Looks like we'll soon have a more straightforward way to make stockings, zip-ties, and tire belts. 

Adipic acid, a six-carbon diacid representing one of the "sixes" in Nylon 6-6, apparently takes quite a bit of industrial "elbow grease" to make. The current process, starting from cyclohexane, requires cobalt, manganese, copper, and vanadate salts, high pressures of oxygen gas, and hot nitric acid. Out the other side, its responsible for 5-8% of the nitrous oxide we humans spew into the atmosphere each year.

From Science 2014, Hwang and Sagadevan

Now, researchers Hwang and Sagadevan (National Tsing Hua University, Taiwan) believe they have a better method. Reporting in this week's Science, the two disclose a method that sounds so much simpler: flush a sample of cyclohexane with ozone and UV light, and, presto! Solid adipic acid at the bottom of your reactor. No metal salts, no nitrous oxide, no high pressures or temperatures.

Wow, that looks a lot simpler.

The researchers note that zapping ozone produces both singlet oxygen, 1O2, and a single singlet oxygen atom O(1D). The highly reactive single singlet (say that three times fast!) can easily insert into C-H bonds, and, since it seems to prefer insertion next to an already-oxidized carbon, the diol, diketone, and finally diacid products are formed preferentially.

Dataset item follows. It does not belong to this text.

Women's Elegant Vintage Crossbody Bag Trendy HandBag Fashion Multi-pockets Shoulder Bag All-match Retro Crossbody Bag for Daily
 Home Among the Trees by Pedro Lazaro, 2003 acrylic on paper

Applause, please: Look at this beautiful pictorial SI!
Twice, in two days.

Just for fun, Hwang and Sagadevan crack open some larger hydrocarbons, and check the selectivity of alkyl-functionalized rings and aromatics. There are tantalizing possibilities here that I'm sure, given the ease of this reaction setup, most organic chemists will already be trying: how do complex natural products* react under these conditions? If anyone tries it this weekend, please drop me a line.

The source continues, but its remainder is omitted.